Three movies that I’ve never heard of, all Christmastime classics if Robert Osborne is to be believed. Nice to see Primal’s new open (featuring myself) introducing them.
The Bishop’s Wife (1947, Henry Koster)
Robert Osbourne tells us before every single movie on TCM that the studio wanted to get Cary Grant. With every 1947 picture to choose from, you’d think he could’ve livened up Unfaithfully Yours, starred in Moonrise or cameoed in Key Largo, but instead he did this inert religious drama with David Niven (a year after Niven appeared in P&P’s probably much better angel drama A Matter of Life and Death). Niven is a bishop with pretty wife Loretta Young (of Man’s Castle, also costarred with Niven in Eternally Yours). She misses doing nice romantic things with her husband, going out to eat, seeing old friends, so when actual angel Grant shows up, in addition to helping the bishop with his church work, he starts treating the wife right and falling in love with her. In the end it turns out he’s sabotaging Niven’s attempt to build a grand cathedral, and getting the lead sponsor (Gladys Cooper, Henry’s society mom in My Fair Lady) to invest in smaller, less gaudy charities instead. A real rogue prankster of an angel, he also inspires their lonely professor friend to start writing his long-delayed history book and gives him an infinite bottle of port.
Nominated for best picture and director, but twice beaten by Elia Kazan’s important issues drama. From the director of Harvey, another movie with a Hitchcock star and an imaginary friend. Movie seems to rely entirely on Grant and a few “miracle” fx tricks for charm, otherwise full of draggy scenes and dull dialogue.
Christmas In Connectitut (1945, Peter Godfrey)
Updated: here
Another romantic comedy based on a Big Lie, Barbara Stanwyck (post Lady Eve and Double Indemnity, lacking the fire and energy of either of those) writes a newspaper column where she’s a perfect CT housewife and mother full of amazing recipes. Her editor (Casablanca’s Sydney Greenstreet, big guy) invites himself over for Christmas, so she fakes it by borrowing a house and a baby from a dapper dullard (Reginald Gardiner of The Great Dictator) and inviting her master chef buddy Felix (Hungarian Cuddles Sakall, also in Casablanca). Also over for dinner is hot young WWII hero Dennis Morgan (of Affectionately Yours & The Return of Doctor X), who makes his desire for Stanwyck and her fake life known by meddling in simply everything and being overall a nuisance houseguest. It’s all seen as good and romantic though – after all, a guy who enjoys changing diapers is a real catch – and after the Lie falls apart, Barbara barely avoids marrying the dullard and snags Dennis instead.

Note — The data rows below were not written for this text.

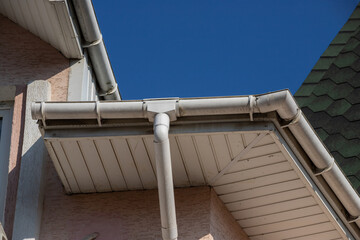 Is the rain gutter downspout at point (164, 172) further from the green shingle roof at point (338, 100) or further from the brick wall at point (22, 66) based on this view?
the green shingle roof at point (338, 100)

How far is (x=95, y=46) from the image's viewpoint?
971cm

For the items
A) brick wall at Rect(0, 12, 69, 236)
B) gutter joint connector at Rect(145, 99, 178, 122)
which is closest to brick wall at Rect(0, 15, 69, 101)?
brick wall at Rect(0, 12, 69, 236)

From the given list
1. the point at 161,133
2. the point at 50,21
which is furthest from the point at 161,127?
the point at 50,21

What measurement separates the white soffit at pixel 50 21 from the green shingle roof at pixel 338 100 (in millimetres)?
6127

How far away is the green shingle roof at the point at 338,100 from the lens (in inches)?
596

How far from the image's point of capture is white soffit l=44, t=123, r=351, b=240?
8.18m

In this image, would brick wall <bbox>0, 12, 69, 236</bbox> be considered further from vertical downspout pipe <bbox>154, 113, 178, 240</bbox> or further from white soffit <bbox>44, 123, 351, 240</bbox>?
vertical downspout pipe <bbox>154, 113, 178, 240</bbox>

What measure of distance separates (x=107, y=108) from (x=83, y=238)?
121cm

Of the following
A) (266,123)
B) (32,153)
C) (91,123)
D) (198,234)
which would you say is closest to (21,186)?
(32,153)

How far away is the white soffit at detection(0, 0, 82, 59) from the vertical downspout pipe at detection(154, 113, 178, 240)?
200 centimetres

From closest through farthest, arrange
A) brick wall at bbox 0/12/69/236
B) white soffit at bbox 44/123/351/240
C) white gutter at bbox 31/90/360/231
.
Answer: white gutter at bbox 31/90/360/231, white soffit at bbox 44/123/351/240, brick wall at bbox 0/12/69/236

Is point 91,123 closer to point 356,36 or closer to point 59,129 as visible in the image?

Director Godfrey made a nazi shock drama starring Peter Lorre the same year. Despite having the least interesting plot of the three movies, this was the best written, and Cuddles Sakall steals every scene he’s in, very friendly to everyone except the big boss, whom he calls “fat man”, conspiring to ruin Barbara’s secret wedding to the dullard so she can end up with our hero.
Holiday Affair (1950, Don Hartman)
This one raises the stakes a little. Janet Leigh, just two years into her film career, has a real kid (not fake babies like Barbara Stanwyck), and a real threat to her happy, stable relationship (not a horny angel like Cary Grant) in the form of noir hero Robert Mitchum. Working as a secret comparison-shopper for a rival department store, she accidentally gets Mitchum fired. Forced into near homelessness without a job, he doesn’t whine about it, instead takes the opportunity to stalk Janet before departing to pursue his dream job of building sailboats. Janet tries to convince herself she’s happy with her extremely boring long-term guy (Wendell Corey, Stewart’s buddy in Rear Window, costar of The Furies), whom her little boy dislikes, but eventually she falls for our Mitchum. There’s some junk about an overpriced toy train which she buys for her store, then returns, then he buys for the boy, then the boy returns to give the money back to Mitchum when he finds out Mitchum is broke. It’d be a decent subplot if the kid himself (also in The Narrow Margin a few years later) hadn’t been unbearably crappy.
Don Hartman was writing Hope/Crosby Road movies before he followed Preston Sturges into directing. This was the middle of his five-year directing career. No word what he did after (besides die in 1958). Movie is full of arbitrarily placed mirrors and stupid framing (there’s a joke about a girl roller-skating on the ice rink, but her skates are blocked from view by a park bench), but is pretty watchable just for our two stars.
All three movies got 1990’s remakes: Holiday Affair made for TV from the director of Police Academy 5… Bishop’s (Preacher’s) Wife from Penny Marshall starring Denzel and Whitney… and Xmas in CT from director Arnold Schwarzenegger (his only film) with a cast too baffling to list (plus a rumored 2009 remake with Jenn. Garner).